In my own much stripped down version of his very detailed and documented account of the folk migrations that occurred from about 4,000 to 1,500  B.C., I will give an account here of the people that came into what is now the Iranian Desert and also into Bactria and Margiana.  He also includes a folk migration from the same origin into the Altai mountain region to the East and then down into parts of what is now China.  But that is for a different blog.

Going back to the Bactrians' origin, let us rely on Anthony and follow his choice of linguists and archeologists that identify the area north of the Black Sea and extending eastward to the Caspian as the probable origin of an extensive cultural expression among people whose skeletons and mummified remains show physical traits of the people now called Indo-Europeans, based on the language family that connects them.  From Welsh Gaelic to ancient Sanskrit, in Iceland and in India, the languages are related through a root language that we call Indo-European.  The cultural objects from pots and ornaments to the clothes on the 3,500 year old mummies in northwestern China, we find that they wore twill woven plaid garments, and sometimes had red hair and blue eyes.  Of course, there were many that looked more like the people of Tadjikistan or northern India as well.  

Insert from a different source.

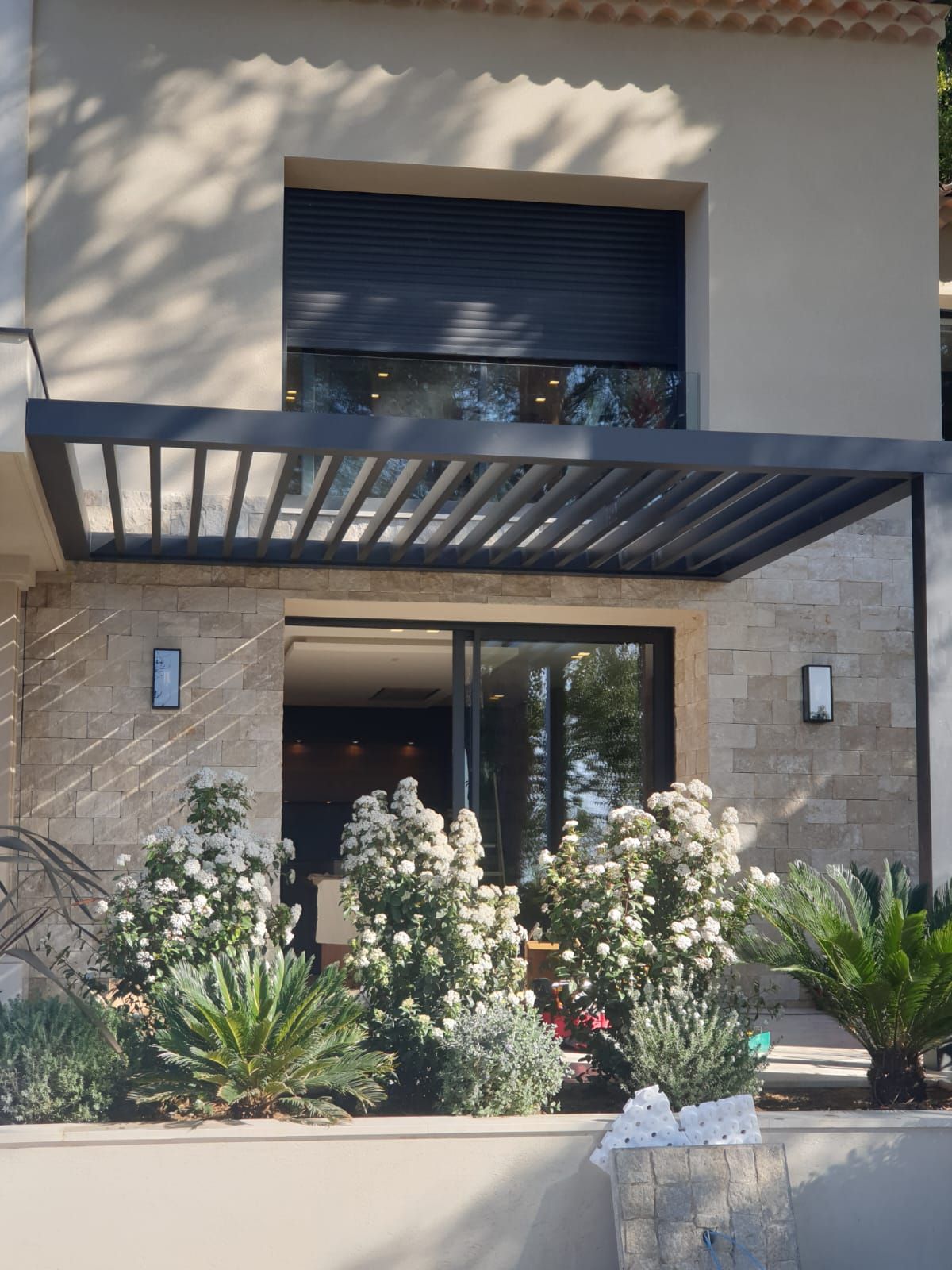 Maison avec pergola, jardin et volets fermés. Murs beiges, pergola grise.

But over all, the people who left the steppes north of the Black Sea and moved South and East, covering over a thousand miles in just a matter of a few centuries, and settling the Anatolian-Iranian plateau, oases in the area around the Kopet Dagh and along the Amu Darya, and finally through the steppes of Kazakhstan and southern Siberia, this easternmost branch settled the area east of the Kunlun Shan and west to the Tarim Basin of northwestern China.  With them they all carried some elements of what became the Indo-European material culture of the second and first millennium B. C.  Their metaphysical culture seemed to include a theological system of belief in the dualistic nature of the universe; a belief in the Good Force and the Evil Force.  As they created amulets to carry or to wear on their person, they shaped in clay, carved in stone, engraved on bone, wood or gemstones the figures that represented these forces.  Often they showed the forces in physical struggle on their personal ornaments and on ritual objects.  

The Bactrians showed a heroic figure, sometimes a human with an animal's head,  battling with whatever symbol represented Evil in their artistic imagination.  More often than not, the eagle or a human with a bird-like head was chosen to represent the force of Good, usually in the position of vanquishing the force of Evil,  represented by coiled or writhing serpents.  

As one example, I offer a drawing from a cast bronze miniature seal from Bactria:

after Sarianidi, 1998
In this seal iconography, we can see the eagle-headed winged human representing the force of Good and the Evil Force is represented by six or seven scaled, writhing cobra-like serpents with their crests flared being held and controlled by the hero figure.   The angelic eagle-human is in a kneeling posture, adding to the probability that this cast bronze amulet is religious art.